「即ツーアウトは免れた」“次期大統領”の呼び声高い韓国最大野党代表、2つ目の裁判は無罪も…前途多難のワケ

2024年11月25日 政治 #時事ジャーナル
このエントリーをはてなブックマークに追加

「2アウト」の危機に追い込まれていた韓国最大野党「共に民主党」のイ・ジェミョン代表が、起死回生を果たした。

【注目】“司法リスク”で転落する次期大統領候補

公職選挙法違反の1審判決で執行猶予付きの懲役刑を言い渡されたイ代表だが、偽証教唆事件の1審判決では無罪を言い渡された。これによりイ代表を取り巻く危機論は、一部沈静化するものと見られる。

ただし、「大庄洞(テジャンドン)開発不正」「北朝鮮への送金」など、残る1審裁判は複数あり、公職選挙法違反の控訴審も控えている。共に民主党が「法律事務所」のように動くなか、当分の間、国会と裁判所の最大の関心事は引き続き「イ・ジェミョンの司法リスク」となりそうだ。

「偽証教唆ではない」…裁判所は無罪判決

11月25日、イ・ジェミョン代表が偽証教唆事件の1審判決公判で無罪を言い渡された。2023年10月に在宅起訴されてから1年1カ月が経過してのことだ。

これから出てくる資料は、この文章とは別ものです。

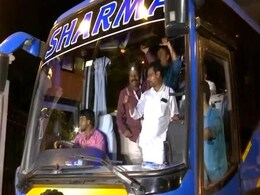 Trust Vote Hours Away, JDS-Congress Lawmakers Head Back To Bengaluru Trust Vote Hours Away, JDS-Congress Lawmakers Head Back To Bengaluru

ソウル中央地裁・刑事合議33部(キム・ドンヒョン裁判長)は同日14時、イ代表に対する宣告公判を開き、「被告イ・ジェミョンが一方的な主張を繰り返し、自分に都合の良い証言について言及する通話内容を、偽証を求める会話と解釈するのは難しい」と判断した。さらに「被告キム・ジンソンの各証言を見ても、被告イ・ジェミョンが偽証を教唆したとは言えない」とした。

11月25日、ソウル中央地裁の近くに集結したイ・ジェミョン支持者たち
(写真=時事ジャーナル)11月25日、ソウル中央地裁の近くに集結したイ・ジェミョン支持者たち

昨年9月、当時の中央地裁のユ・チャンフン令状専担部長判事が、イ代表に対して請求された逮捕状を棄却しつつも、偽証教唆容疑について「証明されたと見える」と述べたことがあり、この事件はイ代表が関与する事件のなかで最も有罪の可能性が高いと予測されていた。

しかし、この日の偽証教唆事件で劇的に無罪判決を受けたことで、イ代表は一息つくことができた。もし選挙法違反の1審に続いて偽証教唆容疑でも有罪が認められていたならば、司法リスクによる政治的負担がさらに増すことは避けられなかっただろう。

イ代表は偽証教唆事件の1審判決後、「真実と正義を取り戻してくれた裁判部に感謝する」と述べ、「これから国民のより良い生活のために最善を尽くす」と話した。また、国会に向けて「人を殺す政治ではなく、人を生かす政治をしよう」と付け加えた。

この日、法廷を訪れた共に民主党の議員やイ代表の支持者の一部は、安堵の涙を流しながら「イ・ジェミョン無罪」「大統領イ・ジェミョン」と繰り返し叫んだ。

イ・ジェミョン代表が2度目の危機を乗り越えたことで、共に民主党も反撃の機会を得た。

これまでイ代表を狙って「無理な起訴」に踏み切ったとして検察を批判していた論理が、今回の司法部の判決によって説得力を増す形となった。親イ・ジェミョン派を中心とする「イ・ジェミョン断固支持」の姿勢もさらに強固になると見られる。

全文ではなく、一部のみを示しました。